Three methods were compared to identify ultra-poor households, including a supervised machine learning model trained on CDR data, an asset-based wealth index, and a consumption metric commonly used to measure poverty in low- and middle-income countries. The supervised machine learning algorithm, which was trained on 797 behavioral indicators computed from CDR data, outperformed other common machine learning algorithms. In addition, a combined method that leveraged all three methods was found to be the most promising, with an AUC of 0.78.
While the use of CDR data for targeting has advantages in terms of reducing time and marginal costs, it does raise ethical concerns and limitations. Access to phone data is necessary, and targeting accuracy will suffer if data is unavailable for some segments of the population, such as those without a phone, or if a specific provider does not permit access to the data. The use of CDR for program eligibility may also create incentives for strategic behavior by individuals who want to manipulate the system. Therefore, informed consent and clear privacy standards must be put in place to protect individuals’ sensitive and private information.
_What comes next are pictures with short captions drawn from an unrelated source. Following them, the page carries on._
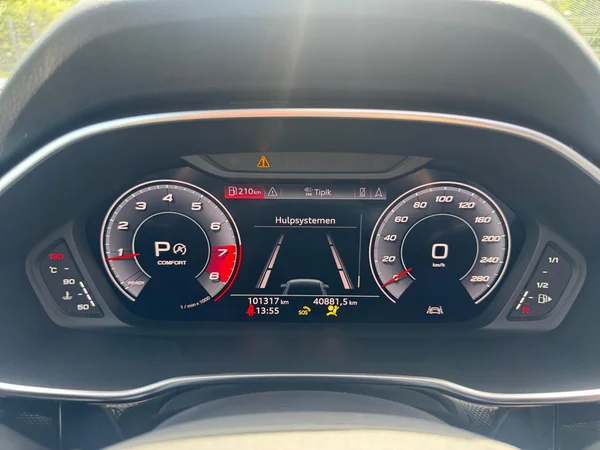 AUDI Q3 (2019) — foto 6 van 24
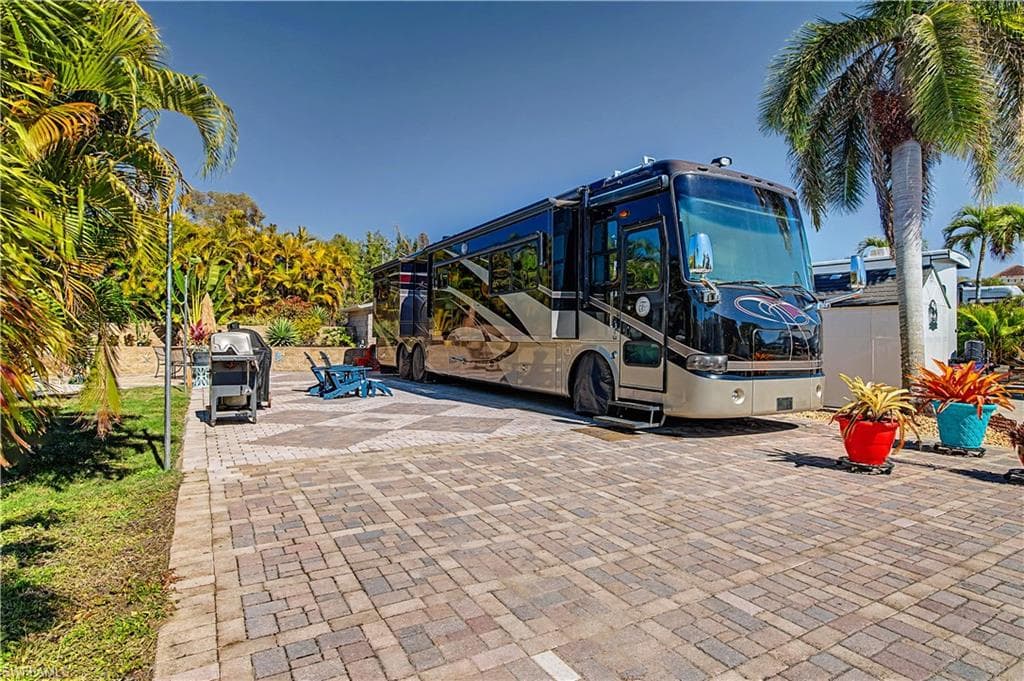 5016 White Sky CIR, FORT MYERS FL 33908-5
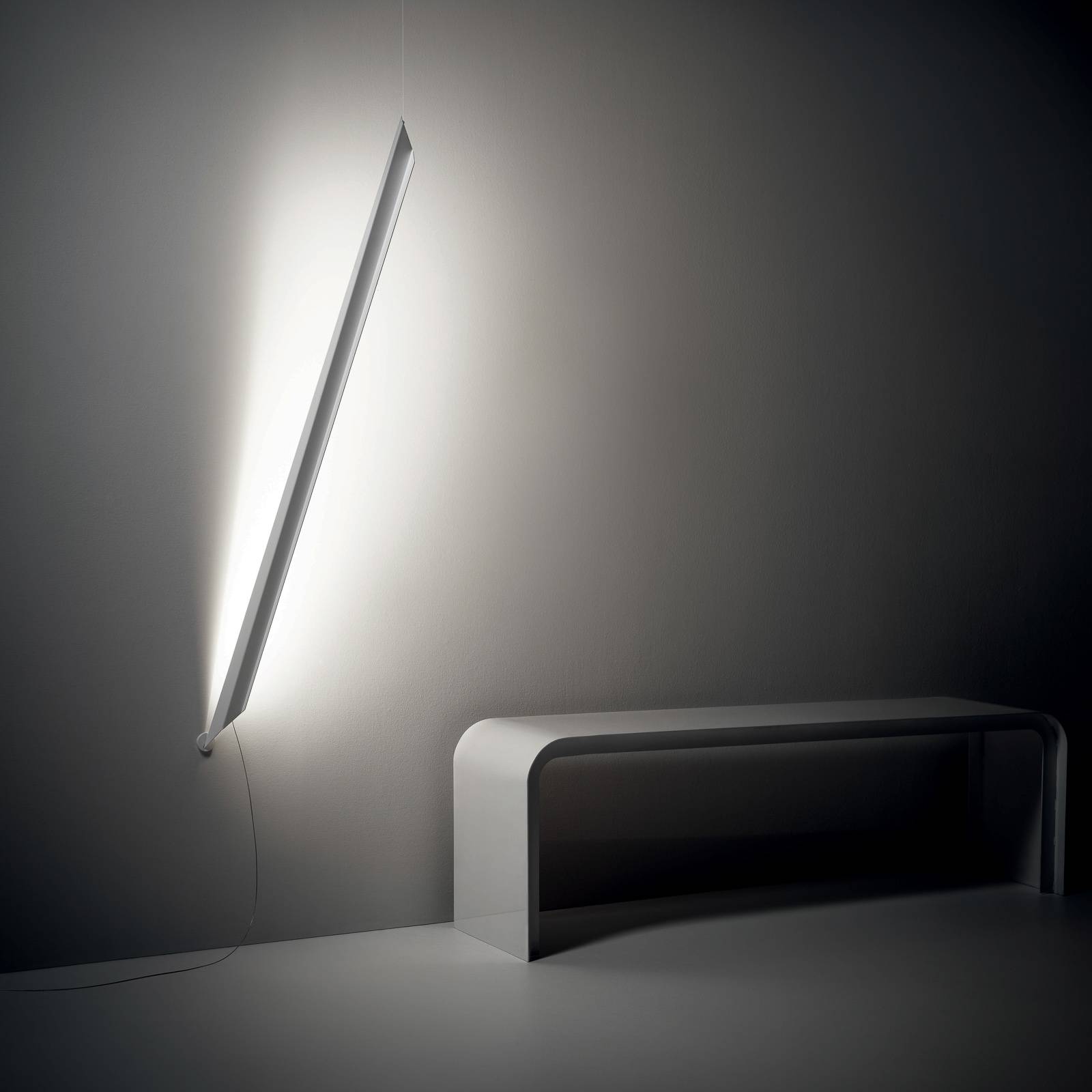 Knikerboker Schegge LED wall light, white, for Living / Dining Room, aluminium, 25 W, energy efficiency: A+, W: 6.5 cm, H: 160 cm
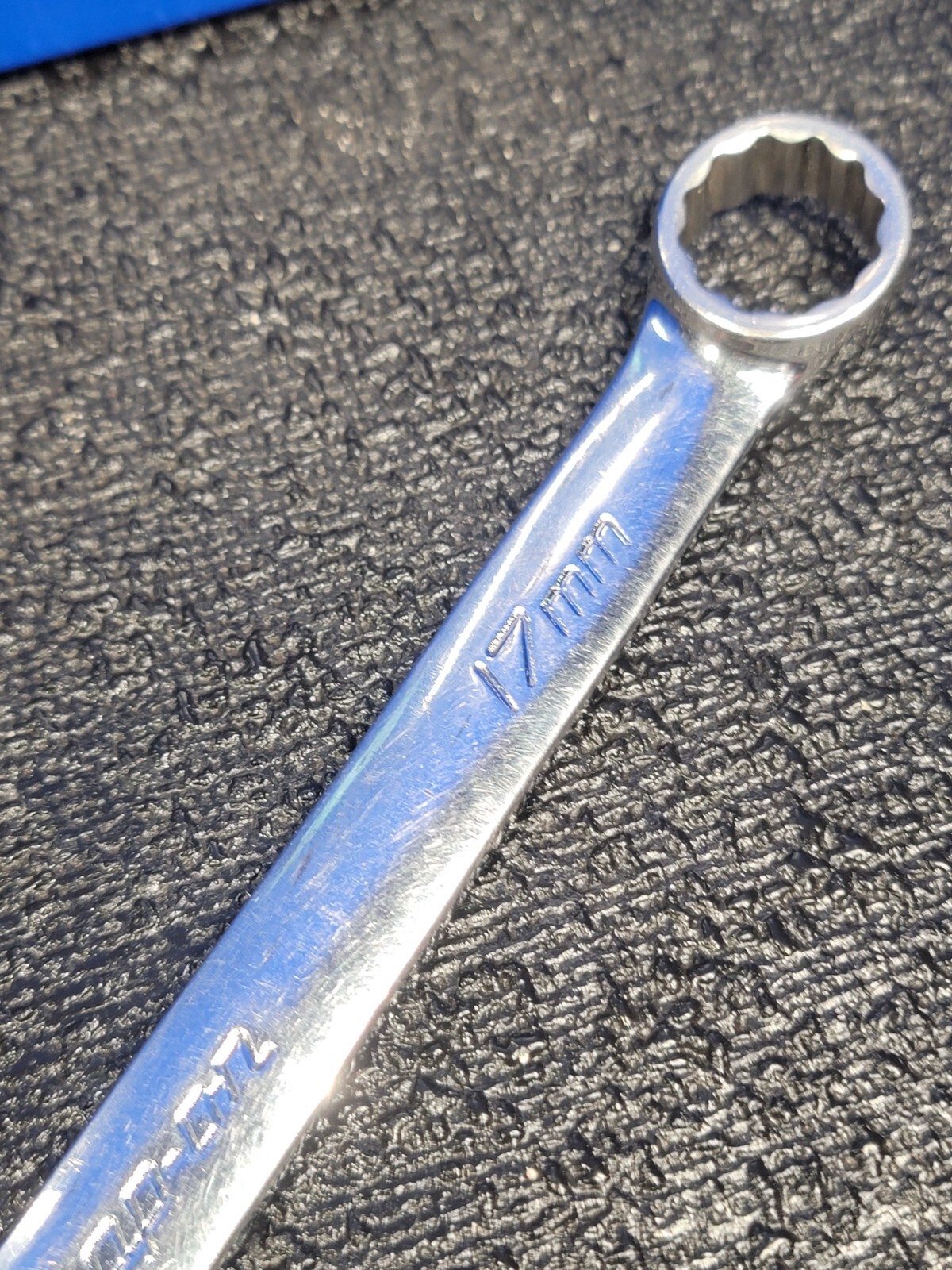 Snap-on Tools 17mm Metric OEXM170B 12-Point Standard Combination Wrench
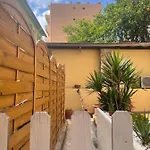 30m2 Cosy Avec Terrasse Apartmán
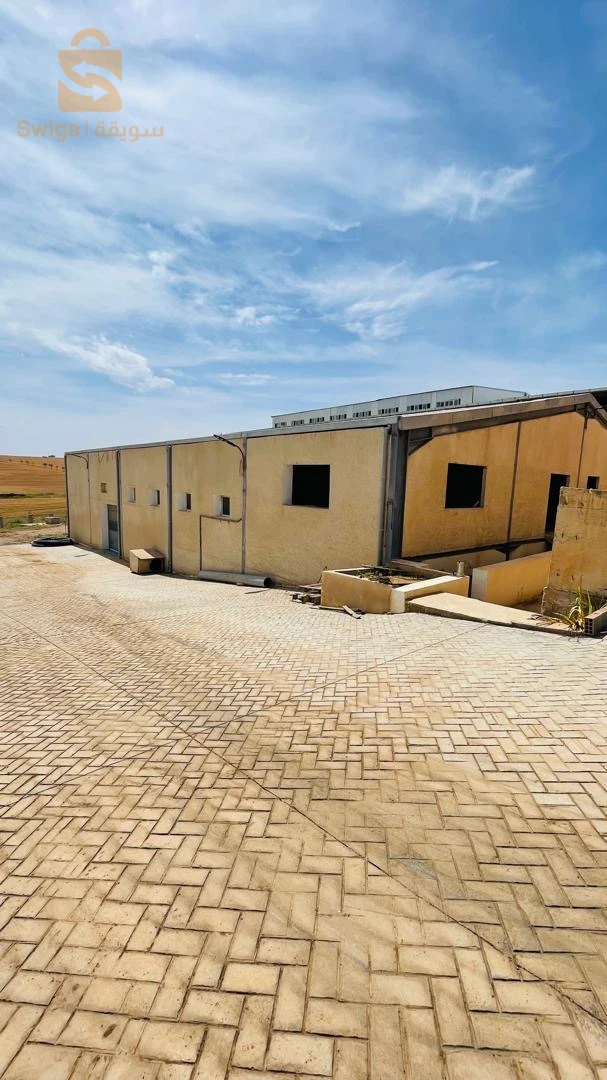 Terrain 3600 m2 en zone indus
Despite these challenges, the use of CDR data and machine learning presents a significant opportunity to improve the targeting of social protection programs in low- to middle-income countries, particularly in the wake of the COVID-19 pandemic. By leveraging the power of mobile phone data and machine learning algorithms, policymakers and development practitioners can target ultra-poor households with greater accuracy and efficiency, delivering much-needed assistance to those who need it the most.
In conclusion, this study highlights the potential of using CDR data and machine learning for targeting ultra-poor households in social protection programs. The results show that a combined method using CDR and asset data could be the most feasible option for identifying ultra-poor households, with the highest accuracy achieved by leveraging all three methods.
However, ethical concerns and limitations must be taken into account when implementing CDR-based targeting, including access to phone data, privacy concerns, and the potential for strategic behavior. With appropriate safeguards in place, the use of CDR data and machine learning can be a powerful tool to combat poverty and support vulnerable populations in low- to middle-income countries.